As a final step, equations (46) and (47) are substituted into equation (45). This step results in the expression for the CSA ring oscillator timing variance as given by equation (48).

$$\overline{\Delta \tau_N^2} = 4kTC_L \left( 1 + \left[ \frac{(W/L)_1}{(W/L)_2} \right]^2 \right) A \frac{N}{I_0 \sqrt{I_0}} = D \frac{N}{I_0 \sqrt{I_0}}$$
(48)

In equation (48), D represents the terms constant with respect to N and  $I_0$ . Equation (48) shows that the timing variance has a 3/2 power dependence on bias current. This is significantly less than the source-coupled differential pair. The result implies that the lower current required by a DLL delay stage would have a less significant impact on the overall phase jitter of the delay line were it implemented with CSA stages, rather than source-coupled pair stages.

To compare the phase jitter of a phase-locked loop with that of a delay-locked loop, the relationships represented by equations (43) and (48) can be evaluated over a range of operating parameters. Absolute values are avoided by normalizing the results to the phase jitter of a PLL with N=3 and a bias current of 1 mA. The accumulation factor,  $\alpha$ , is approximated by assuming an input frequency of 100 MHz. This implies that a bandwidth of 1 MHz is sufficient to render insignificant the amount of clock feedthrough present. A typical PLL with BW=10 KHz exhibits a value of  $\alpha=100$ , while a BW=100 KHz exhibits a value of  $\alpha=30$  [16]. Since  $\alpha$  is inversely proportional to the square root



Figure 6.5 Normalized phase jitter for source-coupled pair implementations.

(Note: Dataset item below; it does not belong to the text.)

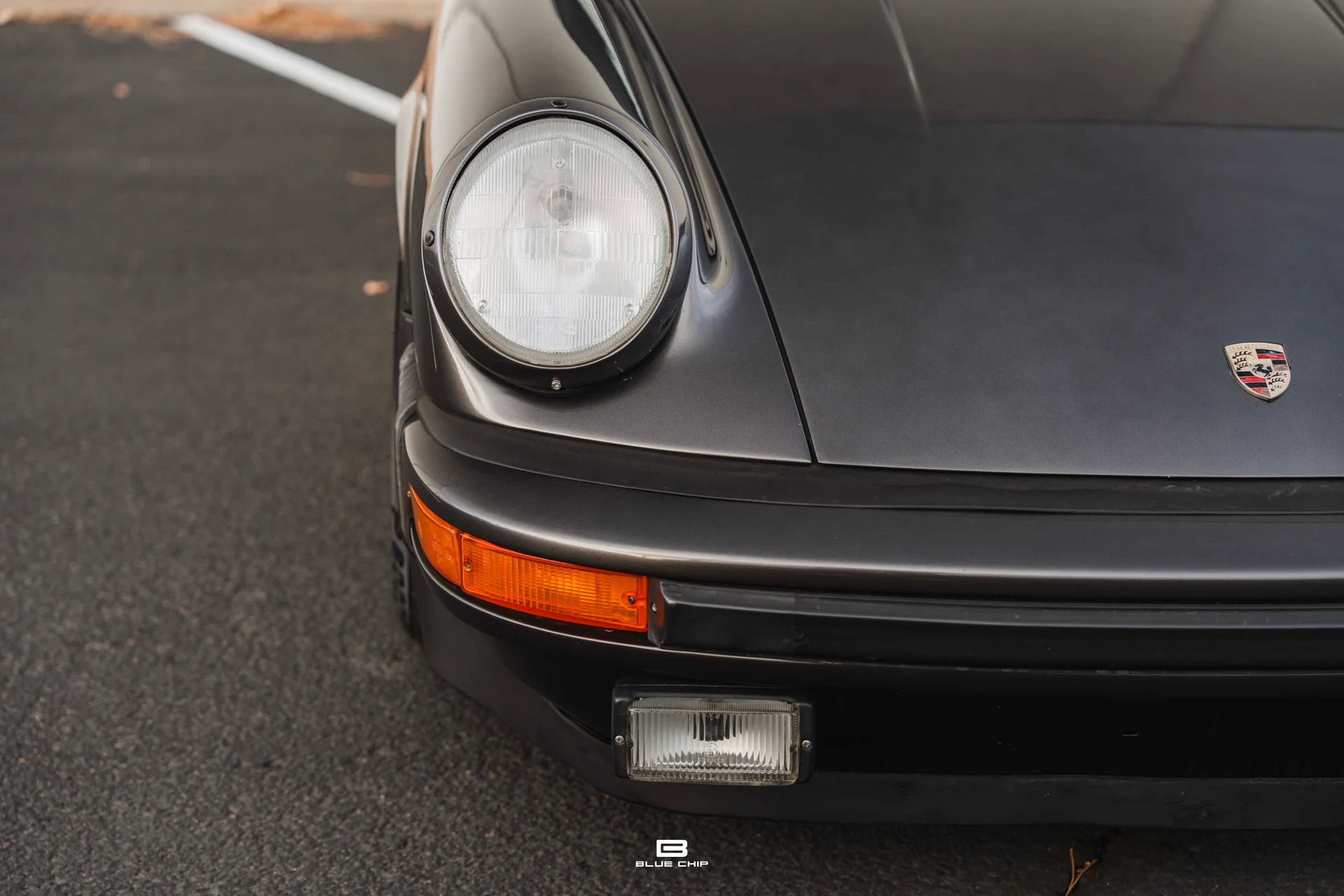 mph028_197054778_693c93b772b0adaa226d679a_DSC_05714_4c01d77a6e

of the PLL bandwidth, it should be readily apparent that a bandwidth of 1 MHz will result in an accumulation factor of 10.

This assumption allows the relations of equations (43) and (48) to be evaluated for PLL's and DLL's where  $\alpha = 10$  for the PLL and  $\alpha = 1$  for the DLL. Figure 6.5 depicts the normalized phase jitter of a PLL with N = 3, and three DLL's with N values of 8, 16, and 32. The vertical axis represents the evaluation of equation (43), divided by the phase jitter of a PLL with a 3-stage oscillator and operating at a bias current of 1 mA. Thus, the curve for the PLL intersects the Y = 1 line at a bias current value of 1 mA.

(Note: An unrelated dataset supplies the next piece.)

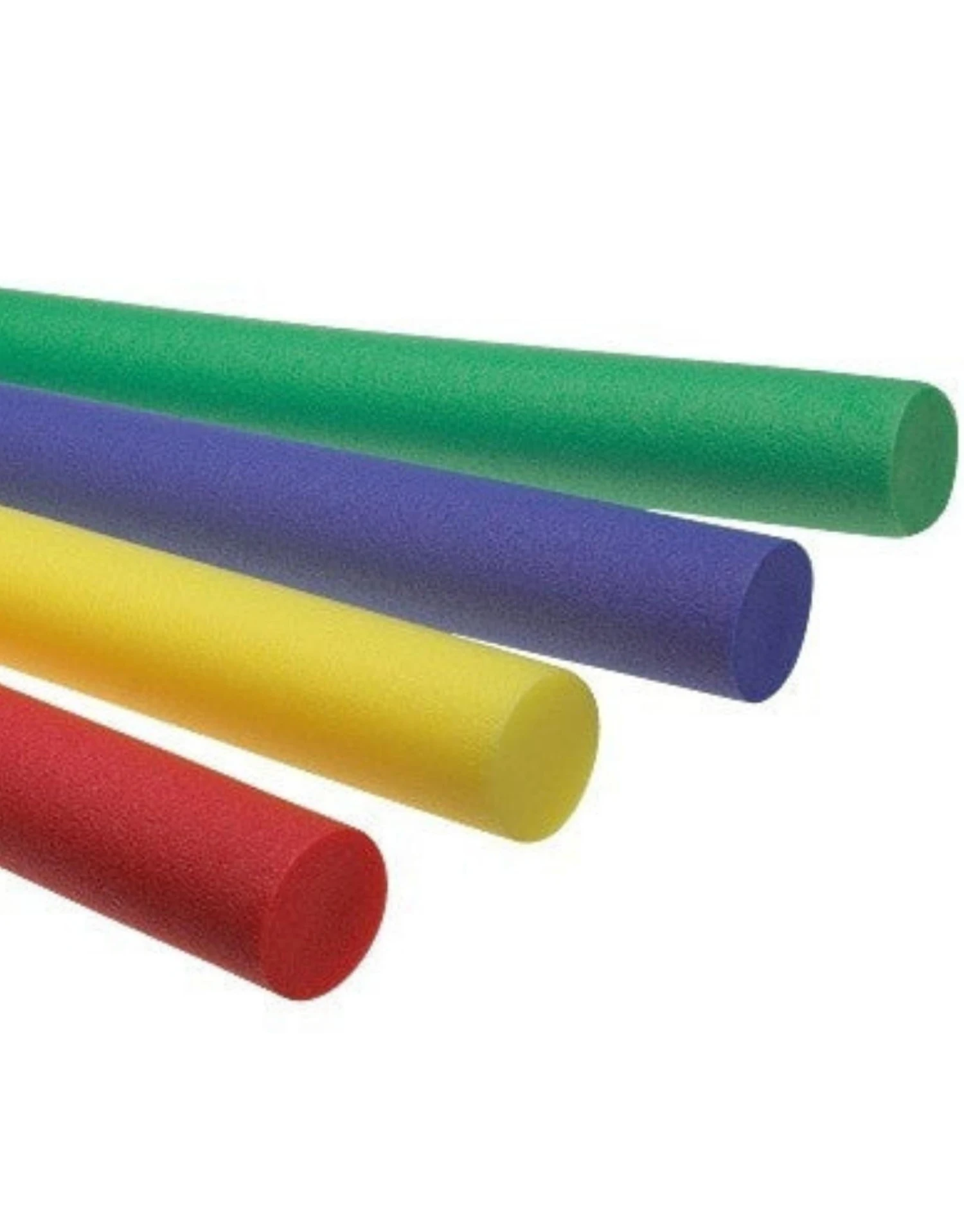 Single Colour Box Of Swoodles Swim Noodles - Multi Buy 24 Box 1 Single Colour Box Of Swoodles Swim Noodles - Multi Buy 24 Box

As the figure illustrates, the cubic dependence of phase jitter on bias current causes the phase jitter to be significantly higher at low bias currents. This is particularly detrimental to the DLL which must operate at lower bias currents due to the increased number of stages, and the need for a longer delay through the chain. Figure 6.6 expands

the view by plotting only the normalized phase jitter of the delay-locked loops with the line at Y = 1 depicting the nominal PLL phase jitter performance.

The DLL phase jitter is significantly higher than PLL phase jitter in the region of interest. Since the DLL operates at the same frequency as the PLL input reference signal, and the delay chain typically contains significantly more stages, the required bias current lies on the low end of the scale. Figure 6.6 shows that this results in a phase jitter that is, at best, comparable to that of a PLL. This occurs despite the fact that the PLL accumulates excess phase jitter as a function of α.

When one considers the same relationship for implementations using the current-steering amplifier delay stage, the result is very different. Equation (48) reveals that the phase jitter of a CSA oscillator is dependent upon the bias current, but at a significantly lower sensitivity. The inverse 3/2 power contribution of bias current to the phase jitter provides a much more gradual increase of phase jitter at lower bias current levels.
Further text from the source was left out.